Hello HN!
I want to share DevScreen (https://devscreen.io/). We’ve been iterating on DevScreen for a few years now with the goal of delivering an awesome interview process for both candidates and the company. We achieve this by using realistic job-based tests and allowing the candidate to use their own editor - not a whiteboard or unfamiliar online code editor.
Many of the existing products in this space just bring the same old whiteboard coding puzzles to the web, without solving the core problem: those tests are not a good indicator of performance. This is a waste of time for the candidate and a missed opportunity for the company. All it tests is the candidate’s ability to read ‘Cracking the Coding Interview’ and work well under the pressure of being watched. Neither are particularly important attributes of an engineer and result in companies often missing great candidates or hiring sub-par engineers.
Today, DevScreen supports three different test types: code reviews, bug fixes, and projects. To help prevent the challenges from being made public, we spin up a new private Github repository for each test and add the candidate. Once they’re finished, they are automatically removed from the Github repo and we review their submission (or the company reviews the submission themselves).
We have a library of tests in place for various different skillsets. There are short, open-ended tests that can be done in any language or framework, and there are very specific tests that assess a candidate’s abilities in, say, React and TypeScript only. We lean towards open-ended tests ourselves, but we’ve found that companies who are hiring contractors like to test very specific skills only.
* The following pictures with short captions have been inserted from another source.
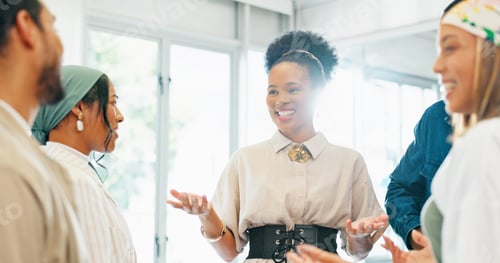 Preview: Business women, teamwork or diversity meeting on paper or documents review in coaching or training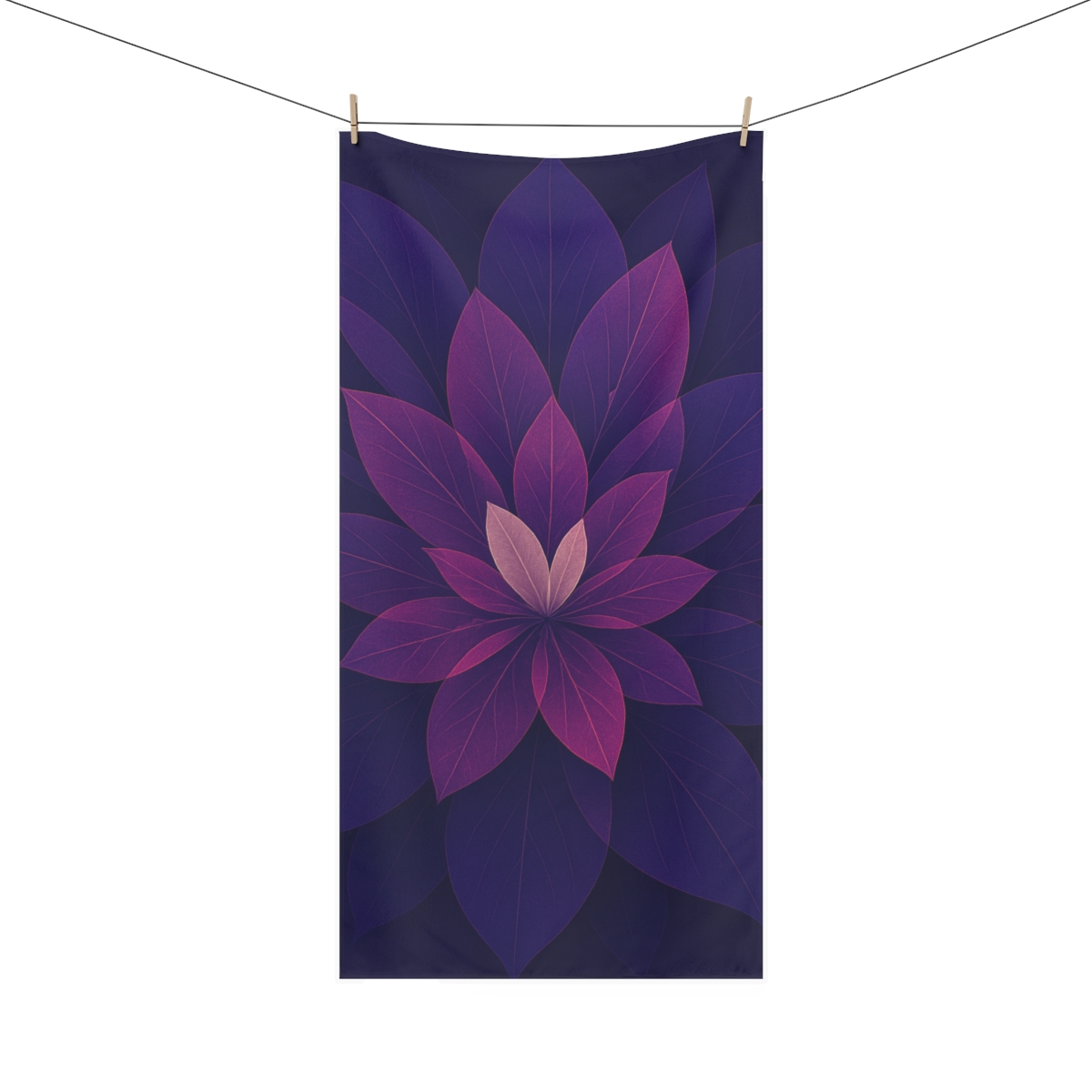 Petal Prism Overlap stylish beach towels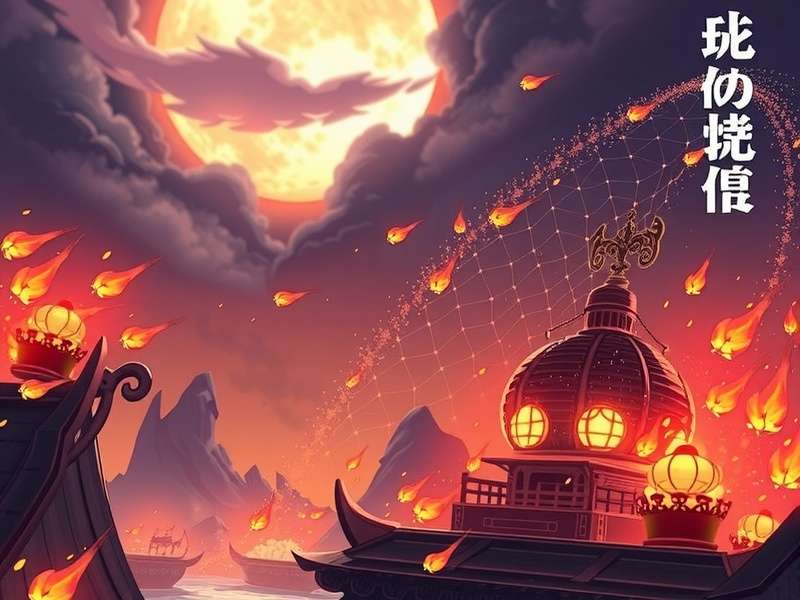 Concept art of a post-apocalyptic landscape with a lone warrior, representing Scorched Ascension's world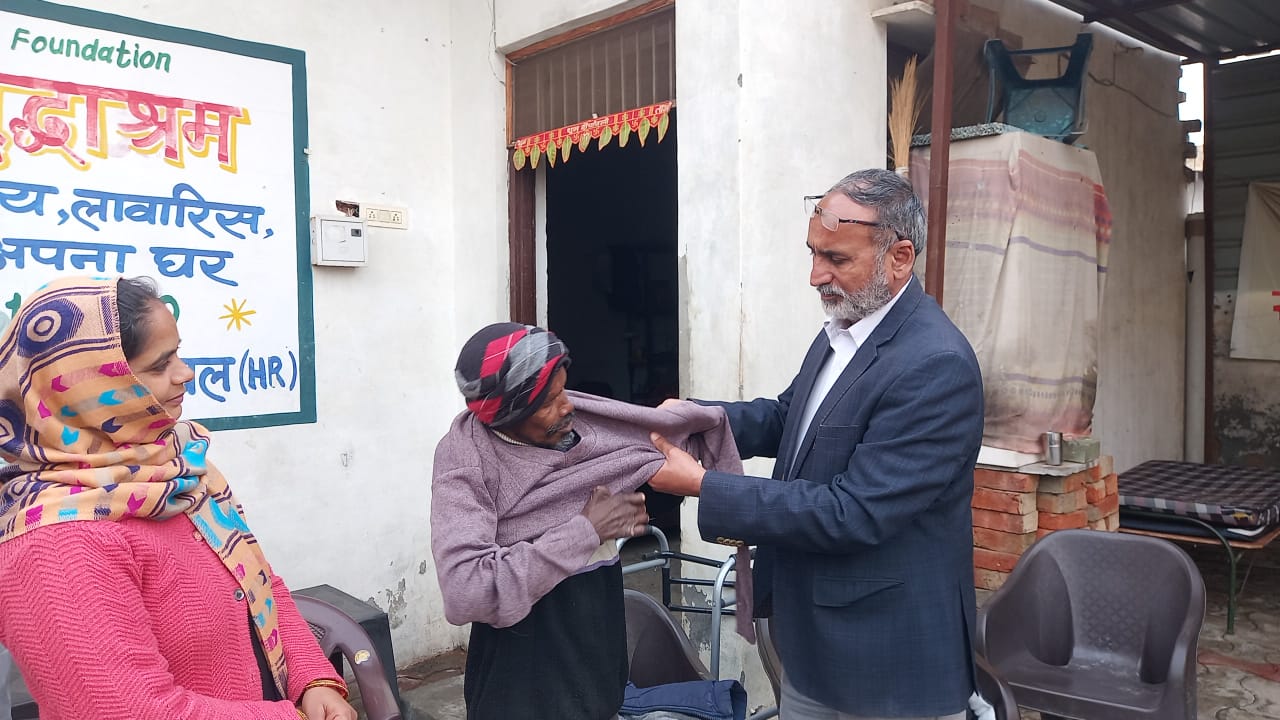 Read more about the article ए एस आर फाउंडेशन की सहायता की मुहिम पहुंची वृद्धाश्रम बाघोला ( पलवल) तक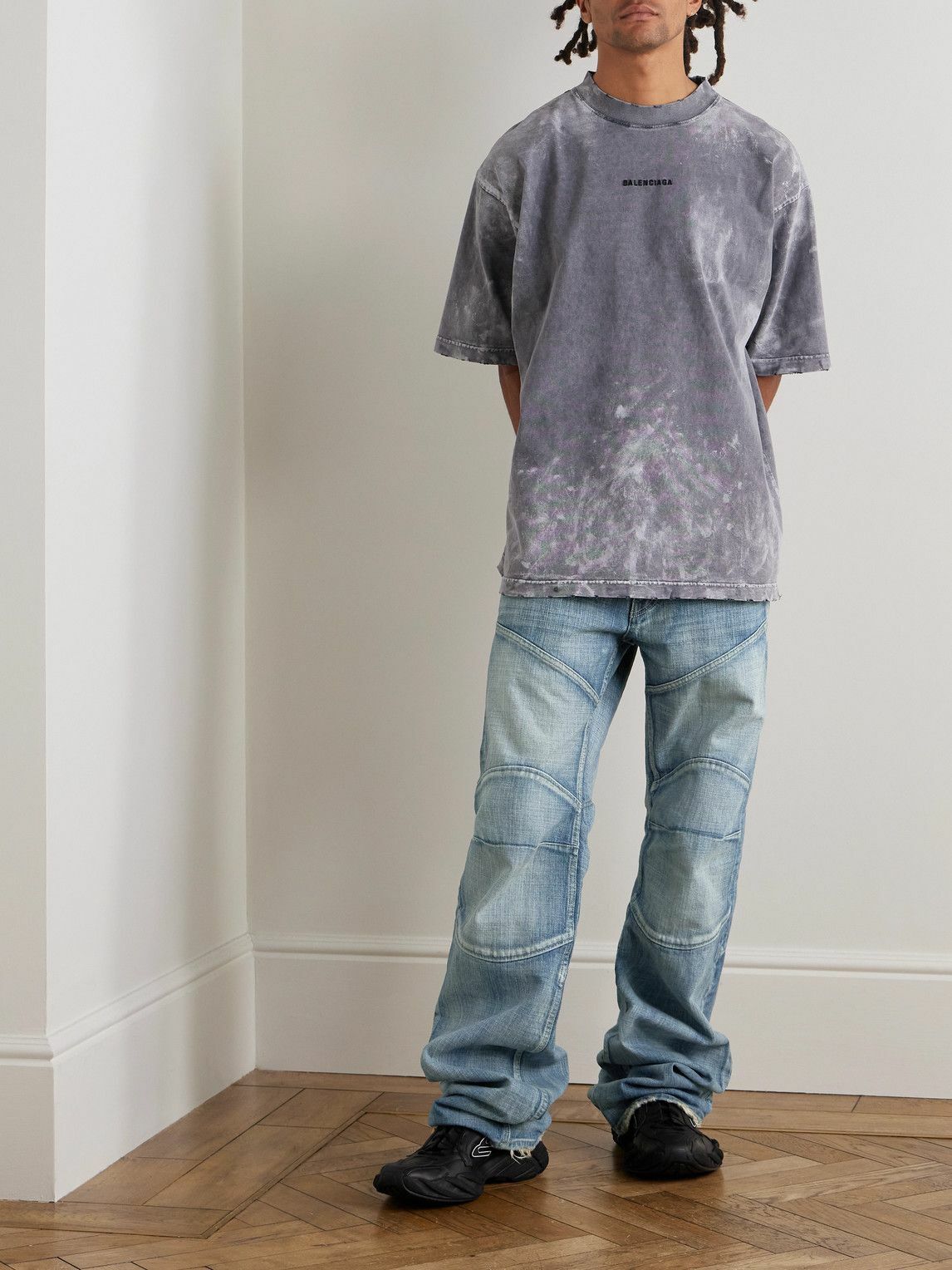 【バレンシアガ】 Denim - Straight-Leg Jeans デニム・ジーパン Balenciaga - Straight-Leg Panelled Jeans - Blue Balenciaga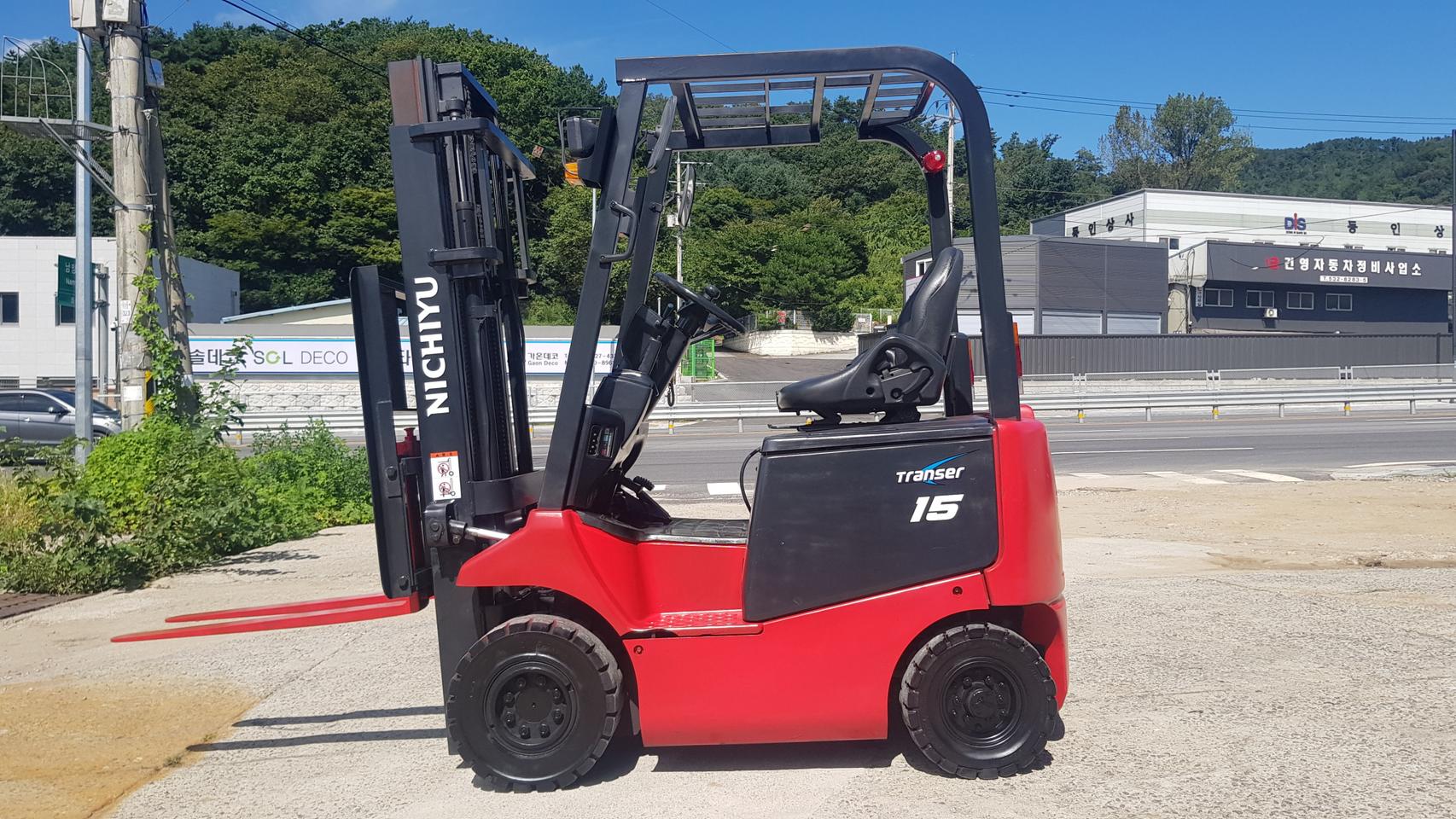 전동지게차,전기지게차,배터리지게차,1.5톤 좌식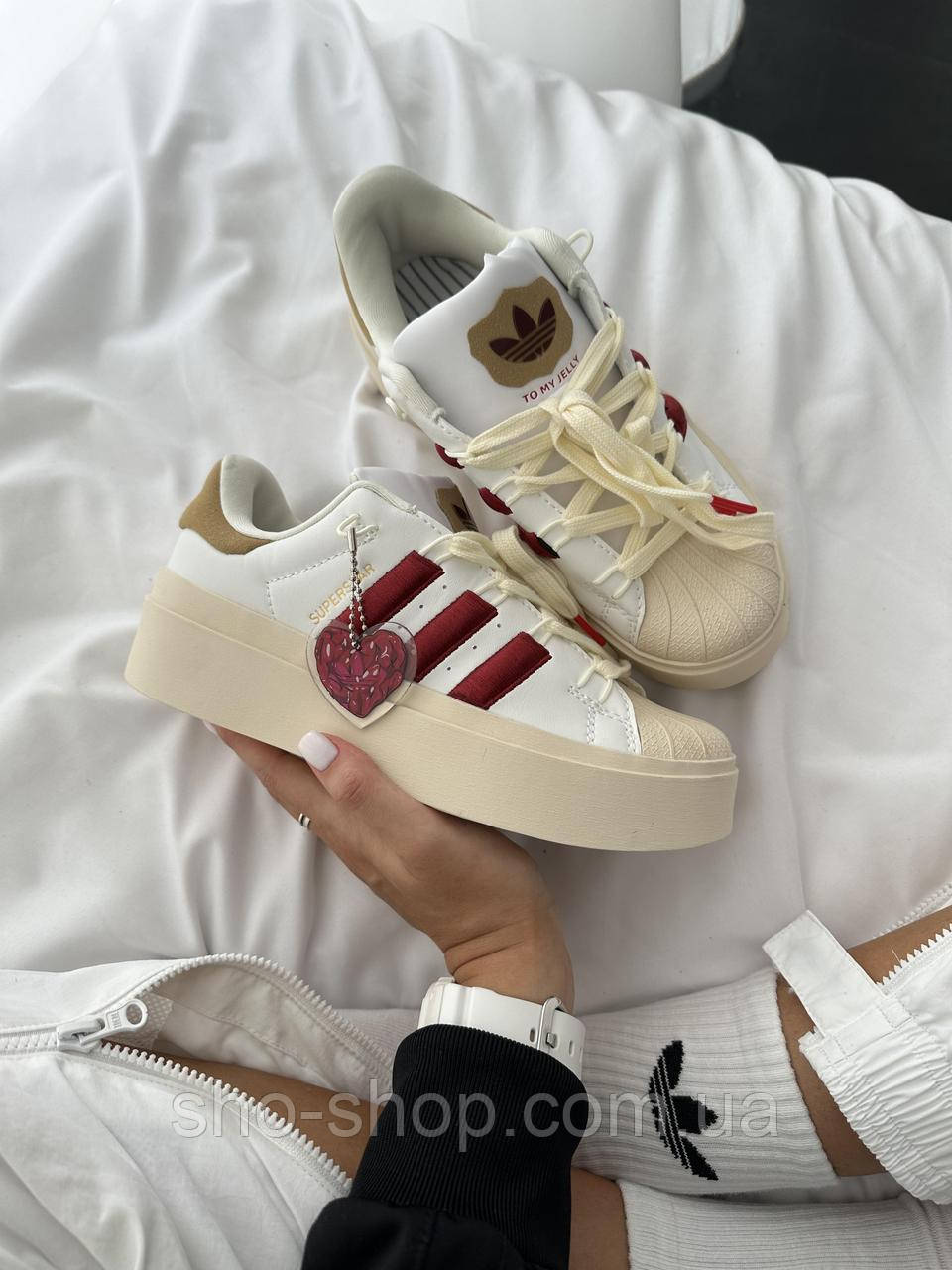 Кроссовки Adidas SUPERSTAR BONEGA « STRAWBERRY CREAM » 🍓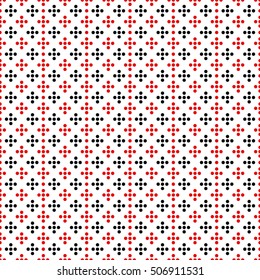 Seamless surface pattern with symmetric geometric ornament. Round spots texture. Circles abstract background. Polka dot motif. For digital paper, textile print, web design. Vector art illustration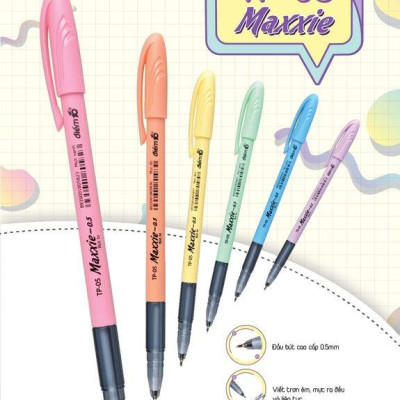 Bút Bi Maxxie TP-05 - Mực Xanh (Mẫu Màu Giao Ngẫu Nhiên)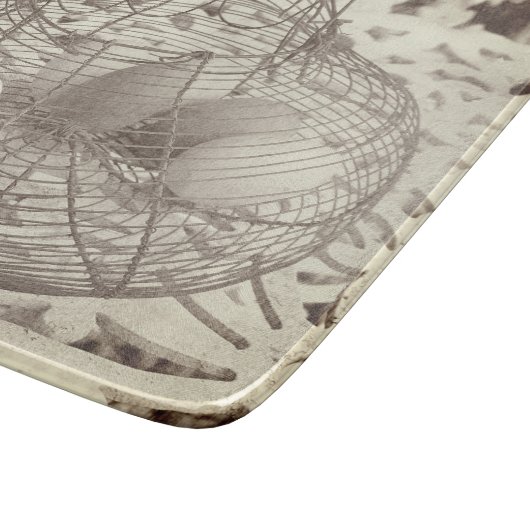 Planche À Découper Panier antique d'oeufs de fil (Coin)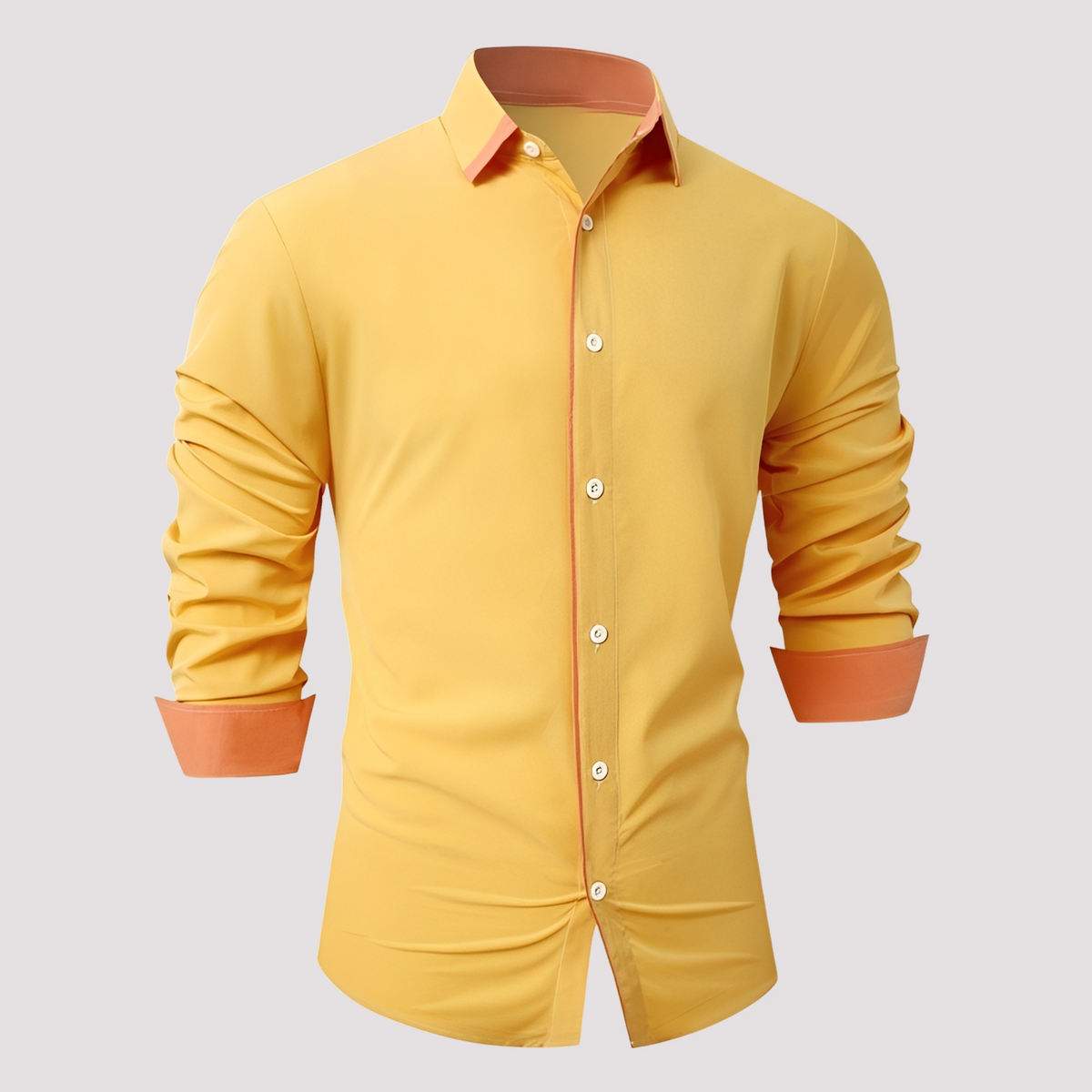 Samuel - Surchemise élégante à manches longues pour hommes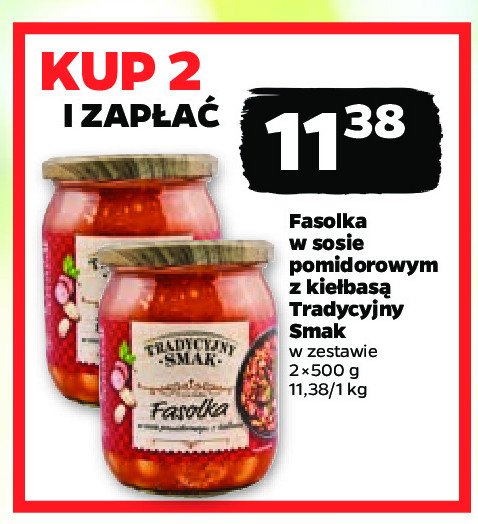 Fasolka w sosie pomidorowym z kie艂bas膮 Tradycyjny smak promocja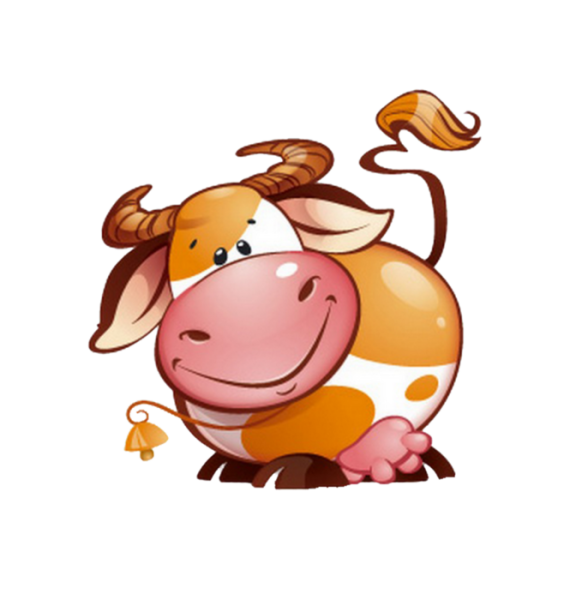 Смешные мультяшные коровы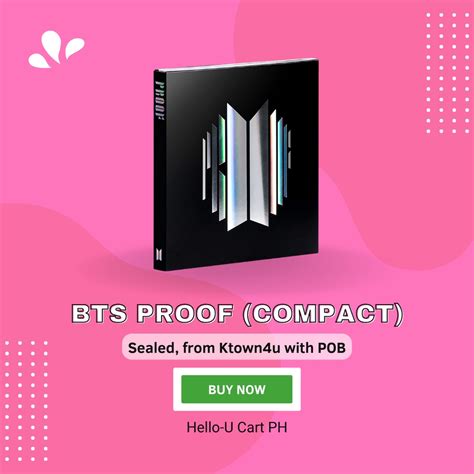 Bts Proof Compact Edition Sealed Anthology Album From Ktown U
There’s a demo video on the homepage, but if there are any parts you want to see that aren’t included in the demo just let me know here or email darragh[at]devscreen.io and I’d be happy to answer any questions or go more in-depth on the product. This is our second “show HN” and we’ve iterated on the product a lot based the feedback we received last year, culminating in this version 2.0.
Please check it out and let us know your thoughts!
- We have a team that can assess submissions now to save companies time.
- We published our assessment rubrics for each test so companies can use this to save time, if they wish to assess submissions on their own.
- We've added a whole lot of new tests. Some can be done in any language, some are more specific (rust, react, C#, Java, etc.).
- Add an activity log to give reviewers an insight into the timeline a candidate followed for their interview.
One part of this that we've yet to truly crack is pricing; in the background we're offering various different pricing models that each work well for certain companies but haven't found a one-size fits all yet.